[Raw data Boundary: Start]
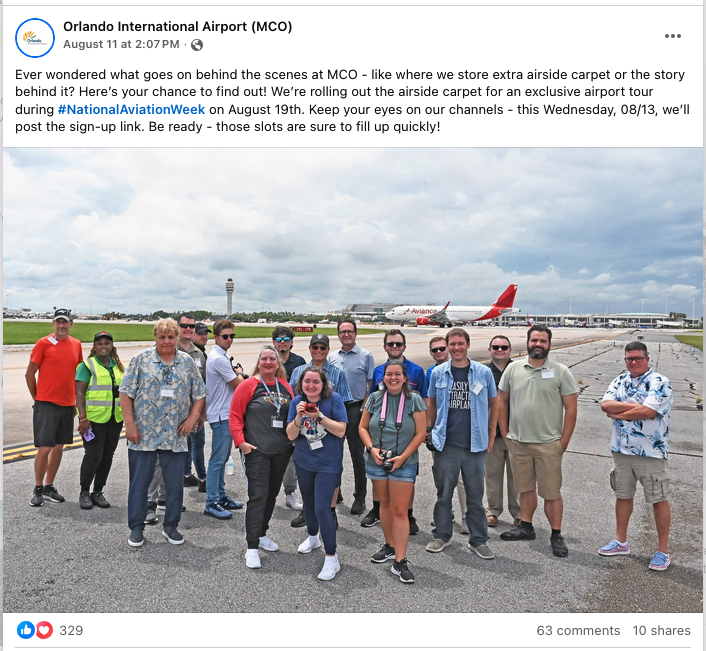 a group of people standing in front of an airplane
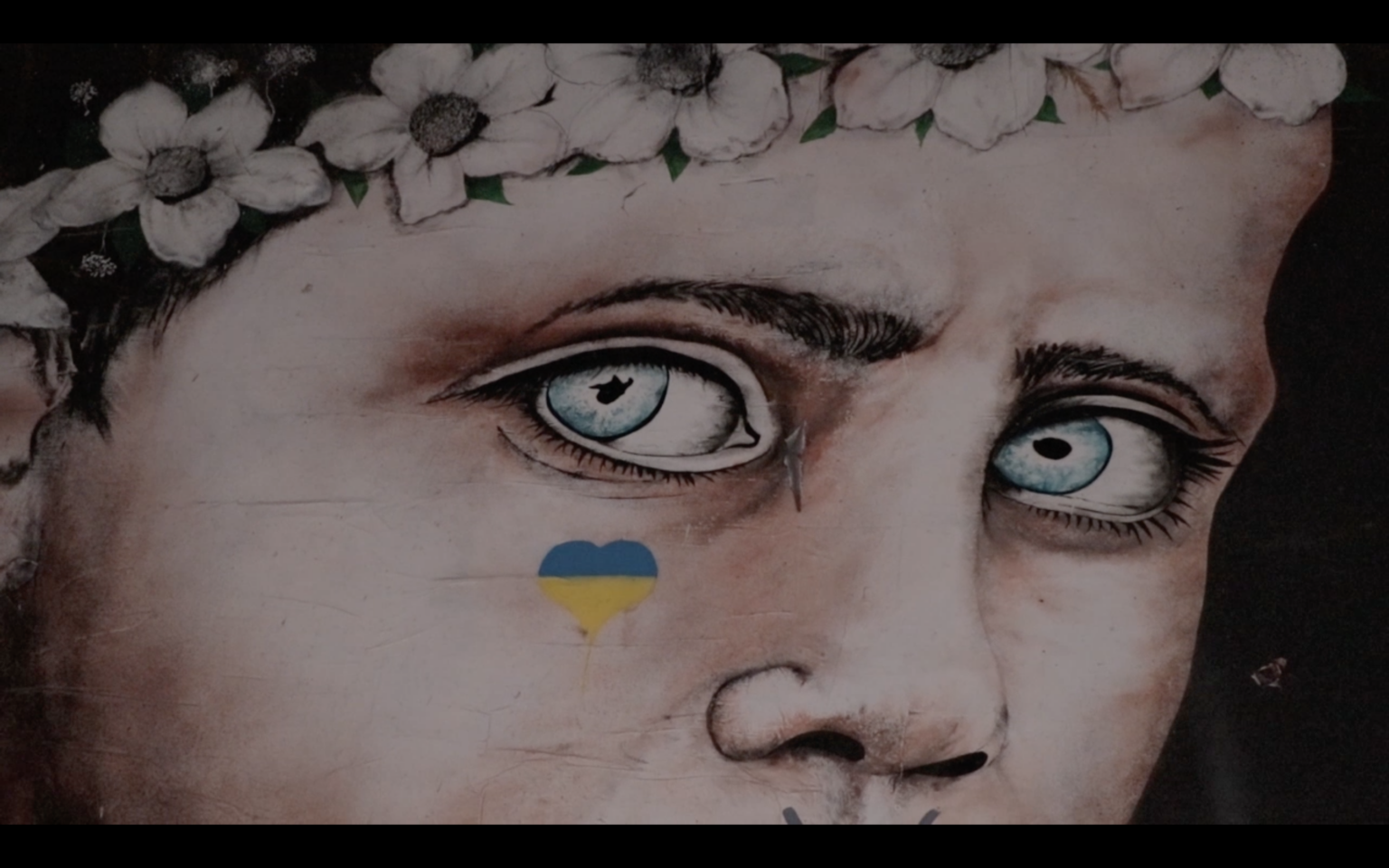 Graffiti représentant les yeux d’un petit garçon sur un mur.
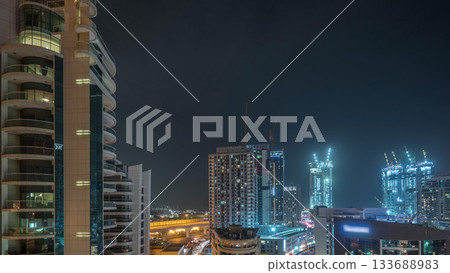 Dubai Marina skyscrapers and promenade aerial night timelapse, Dubai, United Arab Emirates Dubai Marina skyscrapers and promenade aerial night timelapse, Dubai, United Arab Emirates 133688983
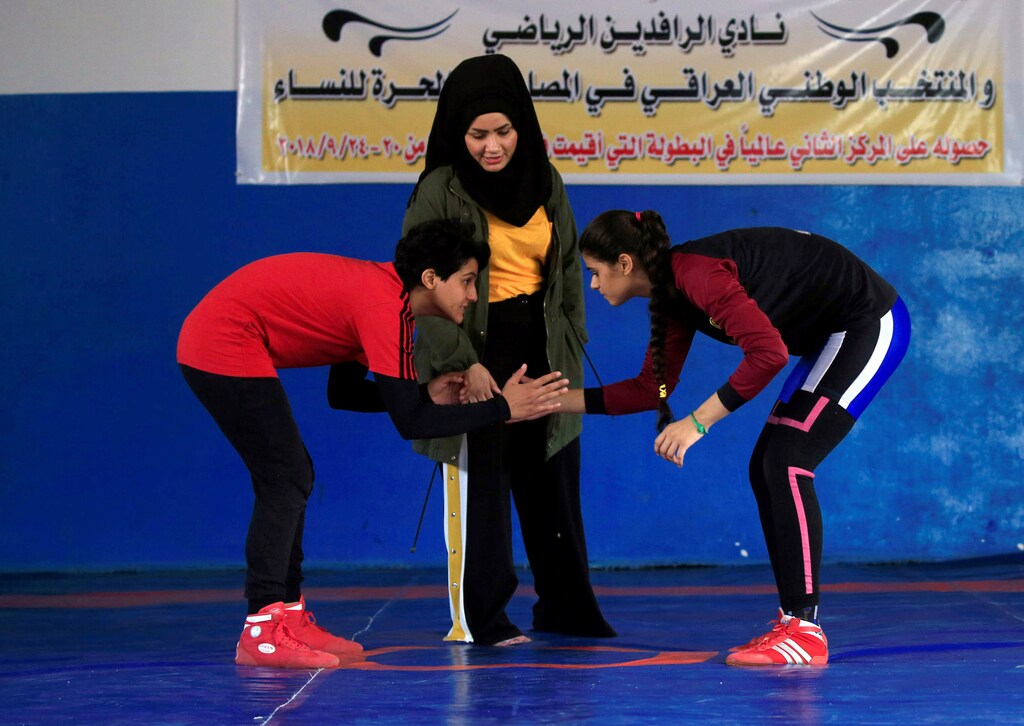 Iraqi women, part of the country's first women's wrestling squad, face each other during practice at the sports club in Diwaniya, Iraq November 10, 2018. Picture taken November 10, 2018. REUTERS/Alaa Al-Marjani - RC1EB292CE40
[Raw data Boundary: End]
◆ What you will do
Skip the pictures, please, and transcribe only the lines from the beginning of the material through the one that contains "Arab Emirates 133688983".

◆ Answer box
 a group of people standing in front of an airplane
 Graffiti représentant les yeux d’un petit garçon sur un mur.
 Dubai Marina skyscrapers and promenade aerial night timelapse, Dubai, United Arab Emirates Dubai Marina skyscrapers and promenade aerial night timelapse, Dubai, United Arab Emirates 133688983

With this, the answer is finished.